We had an issue, an issue that took many hours of diagnosing... I'm hoping this will help others so i'll keep it simple.
If you are using Kong and ECS Service Connect and see strange issues relating to the Request headers not being as you expected....
TL;DR
If you are using Service Connect in ECS, an ALB that is routing traffic to your service, WILL USE SERVICE CONNECT to transmit traffic to your service (there is no mention of this in the ALB and the ALB is not registered in any Service Connect namespaces). You need to handle traffic that is now coming from localhost
and not the ALB as you'd expect.
Background (details have been simplified)
- ECS Service running on port 8000 (a reverse proxy) - Kong Api Gateway
- An ALB routing traffic to a Ruby on Rails app on port 8000
- Kong "trusts" requests from its own VPC (containing ECS and ALB) i.e.
trusted_ips=10.0.0.0/16,<IPs if trusted infrastructure, CloudFlare et al>)
- Kong proxies requests to Rails via an internal ALB
- Kong "sees" request coming from a private VPC IP address of the load balancer (i.e.
10.0.54.147
)
all works fine.
Then you want to use Service Connect...
If you enable Service Connect, so that Kong sends traffic to Rails (which behind the scenes routes traffic into Kongs envoy sidecar container and comes out Railss envoy container; everything works and the Rails ALB is no longer required, awesome.
BUT...
We began to see ActionController::InvalidAuthenticityToken
errors from the Rails app, as Kong isn't sending the correct client IP headers (X-Forwarded-Proto
was incorrect in our case)
We trust the CIDR address of our ALB (and the rest of the VPC) which allows Kong to correctly set all the requiredX-Forwarded-
headers, but this RELIES on traffic coming from this trusted CIDR.

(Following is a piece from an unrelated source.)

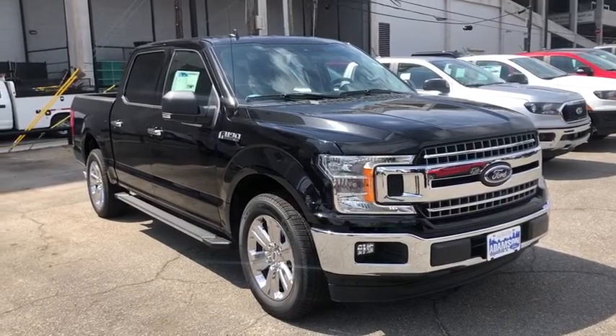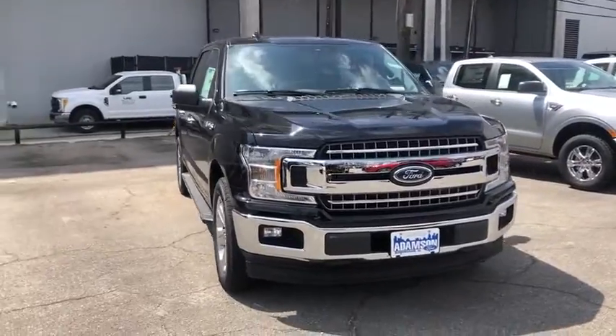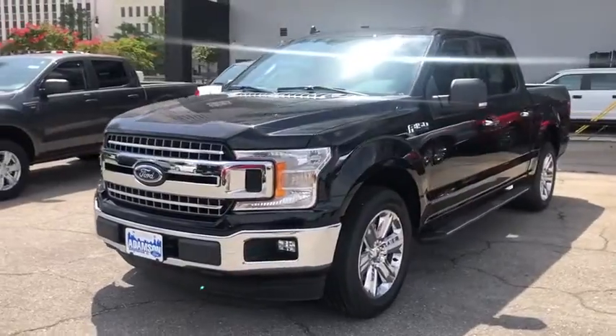We are pleased to show you the 2020 Ford F-150. A Ford F-150 knows how to handle any situation. It's built to follow orders. No whining.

https://docs.konghq.com/gateway/latest/how-kong-works/routing-traffic/#proxying-and-upstream-timeouts
In the case where $realip_remote_addr is one of the trusted addresses, the request header with the same name gets forwarded if provided. Otherwise, the value of the $scheme variable provided by ngx_http_core_module will be used."
Suddenly incorrect header values were getting to Rails and causing the above error.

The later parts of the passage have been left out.